PG coolant is not recommended for Power Stroke Diesel engines. Because of its chemical makeup, PG coolants can cause damage to aluminum parts, gasket materials and certain kinds of hoses. It also has a lower boiling point than EG coolant, usually 10 F to 15 F lower. While it may not sound like much, in a modern cooling system with a high output engine a few degrees may make all the difference in the world. Coolants that are methyl alcohol or methoxy proponol-based should also never be used.

Extended Life Coolant
Extended life coolants are available for newer model diesel engines (2002 model year). Extended life coolants provide a longer service interval under normal conditions, because they don’t require the addition of supplemental coolant additives (SCA). These new coolants use advanced organic acid technology, which depletes much more slowly than traditional coolant additives, to protect the engine. 

Ford Motor Company has determined that either conventional Ethylene Glycol (green colored) or Extended Life Ethylene Glycol (yellow colored) coolant, such as Motorcraft Premium Gold Engine Coolant, will meet the needs of the cooling system and will perform well in extreme conditions as long as the vehicle is operated correctly. PG-coolants such as Motorcraft Specialty Orange are not recommended for the Power Stroke Diesel engine. 

Extended Life EG coolants used with the 2002 model year F-Series pickups and Excursions will allow for intervals of 100,000 miles or five years, which ever occurs first, and will not need SCAs if they are maintained properly. All 2001 model year and prior Power Stroke Diesel engines are not compatible with extended life coolant. These models had the proper amount of SCA added at the engine plant before they were shipped, but will need to be maintained as described in the “cavitation protection” section of this article. 

If you have a 2002 model year engine, do not mix the Extended Life Ethylene Glycol (yellow) with the conventional Ethylene Glycol (green) under any circumstance. If you accidentally mix extended life coolant with conventional coolant and the mixture exceeds 10 percent, the coolant must be maintained as a conventional system using SCAs, or should be drained and flushed, then refilled with new extended life coolant. 

Conventional EG Coolant
The proper mix of coolant is important when using conventional green coolants. If the coolant concentration is too high in a vehicle’s cooling system, then silicates will separate and drop out of the coolant. These silicates can form a paste that plugs heater cores, radiator tubes and may lead to water pump failure if a large amount of the silicate paste lodges between the seal lip and the seal’s riding surface. Silicate paste can also plug small passages in the engine, leading to damaging hot spots. Too low of a coolant concentration, on the other hand, may lead to freezing, which can also cause engine damage. 

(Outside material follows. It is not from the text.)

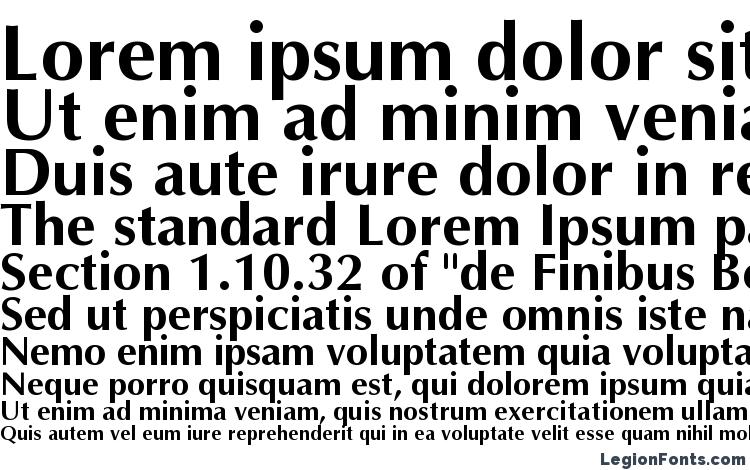 specimens AGOpus Bold font, sample AGOpus Bold font, an example of writing AGOpus Bold font, review AGOpus Bold font, preview AGOpus Bold font, AGOpus Bold font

A proper coolant concentration is also needed to protect against corrosion in the cooling system. If the concentration is too low, rust and corrosion can take place inside the cooling system and lead to water pump failure. Scale build up can lead to hot spots on cylinder walls that can cause pistons to scuff or score. Rust and corrosion can also cause erosion damage to the aluminum parts of the engine and may result in expensive repairs. 

The recommended coolant concentration is a 50/50 mix of coolant with distilled water. The maximum acceptable coolant system concentration is 60 percent in extreme conditions. In these conditions, follow the chart on coolant container for the recommended water to coolant ratio. The minimum concentration should not go below 40 percent.

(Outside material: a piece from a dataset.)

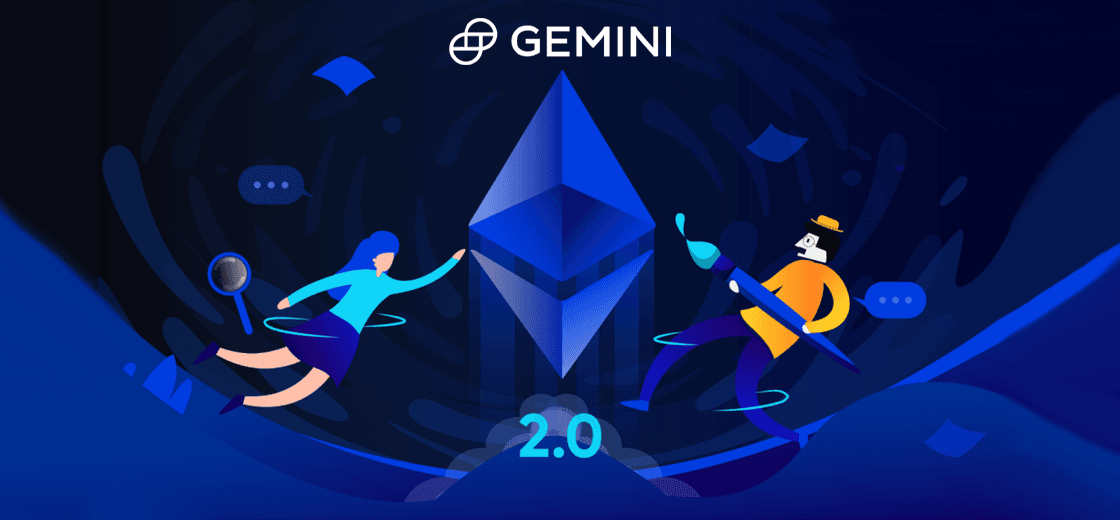 Gemini Announces to launch Ethereum 2.0 Staking and Trading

Cavitation Protection and SCAs
SCAs provide cavitation protection for conventional green coolant. Cavitation is erosion that occurs on the outside diameter of the cylinder wall, and can happen if vapor bubbles form in the cooling system and attach to the wall. 

Every time the pistons move up and down, they rock in the bore, causing the cylinder wall to vibrate. Vapor bubbles can form on the outside of the cylinder wall as it moves inward, or away from the coolant, creating a low-pressure area. When the cylinder wall moves outward, or into the coolant, the pressure increases on the vapor bubbles. After many cycles, vapor bubbles continue to form and the pressure on the bubbles increases until, finally, a vapor bubble collapses. When this happens, it creates a localized stress area of more than 50,000 psi. The high pressure and heat created by the implosion removes a small amount of cylinder wall material where the vapor bubble was attached. Over time, the cylinder wall can continue to erode, and eventually may form a pinhole in the wall that allows coolant to enter the combustion chamber, leading to possible engine failure.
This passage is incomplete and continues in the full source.